◆ **Entries supplied**
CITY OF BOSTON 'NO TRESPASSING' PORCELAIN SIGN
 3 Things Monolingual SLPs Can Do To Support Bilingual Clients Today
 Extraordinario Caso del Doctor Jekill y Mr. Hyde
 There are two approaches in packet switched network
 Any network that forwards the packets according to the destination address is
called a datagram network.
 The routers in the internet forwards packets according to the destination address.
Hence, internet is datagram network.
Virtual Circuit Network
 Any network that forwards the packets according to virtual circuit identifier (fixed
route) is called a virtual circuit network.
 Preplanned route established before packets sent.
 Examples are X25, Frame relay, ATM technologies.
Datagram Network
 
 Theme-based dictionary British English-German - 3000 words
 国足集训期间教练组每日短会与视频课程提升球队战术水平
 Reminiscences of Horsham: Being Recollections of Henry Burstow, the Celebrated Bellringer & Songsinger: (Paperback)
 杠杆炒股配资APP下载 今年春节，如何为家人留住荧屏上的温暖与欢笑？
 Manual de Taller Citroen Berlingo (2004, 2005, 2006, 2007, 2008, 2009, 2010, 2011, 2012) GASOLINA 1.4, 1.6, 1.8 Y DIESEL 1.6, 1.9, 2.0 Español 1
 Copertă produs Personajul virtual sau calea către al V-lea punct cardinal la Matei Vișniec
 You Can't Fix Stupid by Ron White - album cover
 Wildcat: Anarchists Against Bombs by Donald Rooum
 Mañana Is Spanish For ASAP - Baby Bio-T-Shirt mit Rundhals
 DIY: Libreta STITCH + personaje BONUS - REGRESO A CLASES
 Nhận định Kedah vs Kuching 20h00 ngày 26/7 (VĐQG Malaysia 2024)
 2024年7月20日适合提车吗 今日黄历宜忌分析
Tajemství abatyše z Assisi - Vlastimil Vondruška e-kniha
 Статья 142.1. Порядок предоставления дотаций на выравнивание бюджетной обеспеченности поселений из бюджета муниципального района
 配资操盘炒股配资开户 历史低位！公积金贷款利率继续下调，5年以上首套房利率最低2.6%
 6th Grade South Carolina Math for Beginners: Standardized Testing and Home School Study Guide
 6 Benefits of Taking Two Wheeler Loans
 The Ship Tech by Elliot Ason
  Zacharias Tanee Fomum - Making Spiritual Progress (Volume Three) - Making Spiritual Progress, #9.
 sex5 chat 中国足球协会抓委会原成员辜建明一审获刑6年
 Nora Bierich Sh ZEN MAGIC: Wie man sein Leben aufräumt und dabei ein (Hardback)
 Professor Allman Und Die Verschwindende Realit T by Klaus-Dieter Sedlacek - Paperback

◆ **What is being asked**
The material above needs to be reproduced exactly as written.

◆ **Answer space**
CITY OF BOSTON 'NO TRESPASSING' PORCELAIN SIGN
 3 Things Monolingual SLPs Can Do To Support Bilingual Clients Today
 Extraordinario Caso del Doctor Jekill y Mr. Hyde
 There are two approaches in packet switched network
 Any network that forwards the packets according to the destination address is
called a datagram network.
 The routers in the internet forwards packets according to the destination address.
Hence, internet is datagram network.
Virtual Circuit Network
 Any network that forwards the packets according to virtual circuit identifier (fixed
route) is called a virtual circuit network.
 Preplanned route established before packets sent.
 Examples are X25, Frame relay, ATM technologies.
Datagram Network
 
 Theme-based dictionary British English-German - 3000 words
 国足集训期间教练组每日短会与视频课程提升球队战术水平
 Reminiscences of Horsham: Being Recollections of Henry Burstow, the Celebrated Bellringer & Songsinger: (Paperback)
 杠杆炒股配资APP下载 今年春节，如何为家人留住荧屏上的温暖与欢笑？
 Manual de Taller Citroen Berlingo (2004, 2005, 2006, 2007, 2008, 2009, 2010, 2011, 2012) GASOLINA 1.4, 1.6, 1.8 Y DIESEL 1.6, 1.9, 2.0 Español 1
 Copertă produs Personajul virtual sau calea către al V-lea punct cardinal la Matei Vișniec
 You Can't Fix Stupid by Ron White - album cover
 Wildcat: Anarchists Against Bombs by Donald Rooum
 Mañana Is Spanish For ASAP - Baby Bio-T-Shirt mit Rundhals
 DIY: Libreta STITCH + personaje BONUS - REGRESO A CLASES
 Nhận định Kedah vs Kuching 20h00 ngày 26/7 (VĐQG Malaysia 2024)
 2024年7月20日适合提车吗 今日黄历宜忌分析
Tajemství abatyše z Assisi - Vlastimil Vondruška e-kniha
 Статья 142.1. Порядок предоставления дотаций на выравнивание бюджетной обеспеченности поселений из бюджета муниципального района
 配资操盘炒股配资开户 历史低位！公积金贷款利率继续下调，5年以上首套房利率最低2.6%
 6th Grade South Carolina Math for Beginners: Standardized Testing and Home School Study Guide
 6 Benefits of Taking Two Wheeler Loans
 The Ship Tech by Elliot Ason
  Zacharias Tanee Fomum - Making Spiritual Progress (Volume Three) - Making Spiritual Progress, #9.
 sex5 chat 中国足球协会抓委会原成员辜建明一审获刑6年
 Nora Bierich Sh ZEN MAGIC: Wie man sein Leben aufräumt und dabei ein (Hardback)
 Professor Allman Und Die Verschwindende Realit T by Klaus-Dieter Sedlacek - Paperback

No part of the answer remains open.